WHAT IS NEEDED |
Across all the entries below, how many lines contain the string "information"? The number by itself is the answer.

DATASET RECORDS |
--- START ---

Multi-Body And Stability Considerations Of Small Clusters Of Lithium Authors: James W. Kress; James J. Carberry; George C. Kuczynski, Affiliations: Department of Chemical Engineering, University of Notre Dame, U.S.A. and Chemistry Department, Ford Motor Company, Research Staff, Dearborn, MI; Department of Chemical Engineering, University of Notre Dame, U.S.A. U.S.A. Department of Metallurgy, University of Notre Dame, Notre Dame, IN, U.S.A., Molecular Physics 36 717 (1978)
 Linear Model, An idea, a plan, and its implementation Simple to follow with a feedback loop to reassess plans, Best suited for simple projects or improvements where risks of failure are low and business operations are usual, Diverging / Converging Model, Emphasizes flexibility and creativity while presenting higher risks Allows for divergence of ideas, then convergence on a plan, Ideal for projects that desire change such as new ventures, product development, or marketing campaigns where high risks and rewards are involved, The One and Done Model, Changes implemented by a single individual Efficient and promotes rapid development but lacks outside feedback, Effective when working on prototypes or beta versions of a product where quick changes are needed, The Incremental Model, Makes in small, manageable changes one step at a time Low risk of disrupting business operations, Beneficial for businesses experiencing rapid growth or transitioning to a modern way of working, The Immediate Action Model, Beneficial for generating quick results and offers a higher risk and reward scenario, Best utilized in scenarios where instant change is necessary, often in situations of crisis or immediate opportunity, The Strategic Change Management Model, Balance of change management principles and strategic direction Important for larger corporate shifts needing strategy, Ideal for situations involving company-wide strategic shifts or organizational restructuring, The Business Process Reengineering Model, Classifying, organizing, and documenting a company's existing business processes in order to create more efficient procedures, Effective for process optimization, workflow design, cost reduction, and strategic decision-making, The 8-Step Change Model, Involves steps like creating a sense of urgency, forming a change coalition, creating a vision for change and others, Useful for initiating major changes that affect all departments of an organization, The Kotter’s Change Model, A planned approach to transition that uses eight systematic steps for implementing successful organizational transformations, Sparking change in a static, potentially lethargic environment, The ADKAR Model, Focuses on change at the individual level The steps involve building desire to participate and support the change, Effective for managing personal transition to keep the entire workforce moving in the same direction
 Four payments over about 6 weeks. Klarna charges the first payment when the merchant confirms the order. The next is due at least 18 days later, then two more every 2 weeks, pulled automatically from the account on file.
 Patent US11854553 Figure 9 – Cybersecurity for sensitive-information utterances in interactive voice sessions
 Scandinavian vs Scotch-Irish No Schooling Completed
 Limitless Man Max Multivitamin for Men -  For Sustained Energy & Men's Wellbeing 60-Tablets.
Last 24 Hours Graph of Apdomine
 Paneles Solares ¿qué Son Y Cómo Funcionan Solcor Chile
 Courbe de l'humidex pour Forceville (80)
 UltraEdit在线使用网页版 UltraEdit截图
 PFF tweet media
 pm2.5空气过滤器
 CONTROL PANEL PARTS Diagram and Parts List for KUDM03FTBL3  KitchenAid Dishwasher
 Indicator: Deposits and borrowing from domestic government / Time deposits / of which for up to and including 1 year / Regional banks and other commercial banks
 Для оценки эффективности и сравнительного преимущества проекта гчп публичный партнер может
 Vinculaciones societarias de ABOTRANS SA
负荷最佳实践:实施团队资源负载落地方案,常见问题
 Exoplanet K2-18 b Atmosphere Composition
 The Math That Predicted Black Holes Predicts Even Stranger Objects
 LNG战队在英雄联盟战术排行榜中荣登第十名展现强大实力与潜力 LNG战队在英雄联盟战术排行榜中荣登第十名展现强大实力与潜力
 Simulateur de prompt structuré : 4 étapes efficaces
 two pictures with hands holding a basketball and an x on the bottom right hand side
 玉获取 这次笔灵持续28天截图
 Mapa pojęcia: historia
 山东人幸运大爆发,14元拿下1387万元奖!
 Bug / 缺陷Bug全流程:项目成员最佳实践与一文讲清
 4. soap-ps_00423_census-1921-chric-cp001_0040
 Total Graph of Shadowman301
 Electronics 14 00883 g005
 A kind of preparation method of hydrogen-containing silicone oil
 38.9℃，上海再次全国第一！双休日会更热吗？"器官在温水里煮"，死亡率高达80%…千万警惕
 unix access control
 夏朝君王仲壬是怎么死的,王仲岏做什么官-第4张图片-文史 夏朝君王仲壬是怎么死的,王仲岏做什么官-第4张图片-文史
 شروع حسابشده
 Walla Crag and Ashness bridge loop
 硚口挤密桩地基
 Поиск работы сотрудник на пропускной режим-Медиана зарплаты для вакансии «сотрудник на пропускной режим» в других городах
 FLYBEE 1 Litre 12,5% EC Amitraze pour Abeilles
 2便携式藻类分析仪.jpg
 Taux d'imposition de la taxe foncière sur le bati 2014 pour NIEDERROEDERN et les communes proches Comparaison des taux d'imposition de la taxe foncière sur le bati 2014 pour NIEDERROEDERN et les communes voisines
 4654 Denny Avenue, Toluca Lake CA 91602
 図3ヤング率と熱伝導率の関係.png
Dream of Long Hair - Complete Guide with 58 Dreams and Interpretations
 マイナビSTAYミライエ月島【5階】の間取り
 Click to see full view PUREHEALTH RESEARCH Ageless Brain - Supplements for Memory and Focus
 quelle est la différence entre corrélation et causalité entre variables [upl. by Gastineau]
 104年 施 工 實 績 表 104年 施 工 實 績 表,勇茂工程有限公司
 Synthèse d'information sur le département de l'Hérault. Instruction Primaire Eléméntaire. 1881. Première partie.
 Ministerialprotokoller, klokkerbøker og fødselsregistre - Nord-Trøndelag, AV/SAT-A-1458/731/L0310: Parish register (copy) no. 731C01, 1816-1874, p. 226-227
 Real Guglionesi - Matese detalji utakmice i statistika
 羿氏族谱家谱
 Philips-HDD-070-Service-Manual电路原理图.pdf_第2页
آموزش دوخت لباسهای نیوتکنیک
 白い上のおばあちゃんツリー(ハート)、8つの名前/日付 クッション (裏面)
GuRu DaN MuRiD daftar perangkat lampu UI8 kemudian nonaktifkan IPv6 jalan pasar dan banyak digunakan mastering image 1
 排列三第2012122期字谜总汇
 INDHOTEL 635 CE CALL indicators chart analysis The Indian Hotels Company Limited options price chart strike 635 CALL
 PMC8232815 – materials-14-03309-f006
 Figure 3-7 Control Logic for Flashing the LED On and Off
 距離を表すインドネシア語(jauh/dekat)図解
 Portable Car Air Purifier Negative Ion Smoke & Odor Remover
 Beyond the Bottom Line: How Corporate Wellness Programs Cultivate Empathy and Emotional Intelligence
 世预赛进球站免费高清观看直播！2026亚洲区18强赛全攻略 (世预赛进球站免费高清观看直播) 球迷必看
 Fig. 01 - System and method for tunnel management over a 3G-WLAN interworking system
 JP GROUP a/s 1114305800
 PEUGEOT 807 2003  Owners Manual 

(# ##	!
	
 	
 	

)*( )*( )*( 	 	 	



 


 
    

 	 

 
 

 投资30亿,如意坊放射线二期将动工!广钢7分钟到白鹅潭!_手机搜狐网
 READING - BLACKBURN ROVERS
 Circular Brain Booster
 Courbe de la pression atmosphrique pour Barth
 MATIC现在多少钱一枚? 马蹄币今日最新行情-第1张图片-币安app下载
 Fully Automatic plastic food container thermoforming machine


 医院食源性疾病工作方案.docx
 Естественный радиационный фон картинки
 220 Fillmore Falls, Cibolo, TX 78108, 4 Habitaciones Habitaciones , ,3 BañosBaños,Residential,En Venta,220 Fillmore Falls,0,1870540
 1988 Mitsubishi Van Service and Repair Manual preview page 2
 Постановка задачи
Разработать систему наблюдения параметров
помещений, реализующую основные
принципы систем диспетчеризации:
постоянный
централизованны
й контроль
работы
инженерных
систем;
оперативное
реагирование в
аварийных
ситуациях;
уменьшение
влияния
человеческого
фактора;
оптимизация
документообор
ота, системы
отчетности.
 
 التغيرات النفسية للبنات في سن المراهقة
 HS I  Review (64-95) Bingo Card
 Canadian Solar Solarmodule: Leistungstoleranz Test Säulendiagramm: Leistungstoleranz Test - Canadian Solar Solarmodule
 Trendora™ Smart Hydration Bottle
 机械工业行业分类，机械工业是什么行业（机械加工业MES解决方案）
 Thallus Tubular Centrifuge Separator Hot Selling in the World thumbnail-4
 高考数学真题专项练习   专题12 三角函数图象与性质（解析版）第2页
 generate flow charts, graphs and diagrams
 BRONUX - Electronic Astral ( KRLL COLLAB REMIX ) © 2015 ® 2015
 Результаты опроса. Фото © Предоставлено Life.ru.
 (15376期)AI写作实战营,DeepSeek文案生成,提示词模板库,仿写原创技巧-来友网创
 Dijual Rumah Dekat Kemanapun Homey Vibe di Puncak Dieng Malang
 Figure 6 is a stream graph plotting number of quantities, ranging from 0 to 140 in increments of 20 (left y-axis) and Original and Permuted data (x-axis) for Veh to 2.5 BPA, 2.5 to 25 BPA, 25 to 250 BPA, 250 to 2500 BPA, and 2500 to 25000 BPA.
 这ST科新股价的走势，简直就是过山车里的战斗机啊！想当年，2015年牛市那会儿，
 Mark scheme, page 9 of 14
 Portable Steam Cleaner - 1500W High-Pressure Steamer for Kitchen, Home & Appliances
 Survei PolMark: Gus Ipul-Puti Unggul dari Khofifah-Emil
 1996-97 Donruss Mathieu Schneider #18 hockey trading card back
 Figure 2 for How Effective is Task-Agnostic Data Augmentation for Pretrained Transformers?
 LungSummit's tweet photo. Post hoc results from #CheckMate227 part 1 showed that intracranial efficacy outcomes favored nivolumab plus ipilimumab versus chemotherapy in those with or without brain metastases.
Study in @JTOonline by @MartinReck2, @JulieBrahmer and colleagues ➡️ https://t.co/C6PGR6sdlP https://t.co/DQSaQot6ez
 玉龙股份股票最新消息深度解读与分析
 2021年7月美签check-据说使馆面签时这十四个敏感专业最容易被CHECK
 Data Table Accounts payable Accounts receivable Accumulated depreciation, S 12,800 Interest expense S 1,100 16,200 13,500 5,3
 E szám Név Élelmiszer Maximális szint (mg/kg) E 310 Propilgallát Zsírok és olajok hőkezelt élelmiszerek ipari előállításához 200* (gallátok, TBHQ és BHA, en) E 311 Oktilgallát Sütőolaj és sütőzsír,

--- END ---

RESPONSE |
2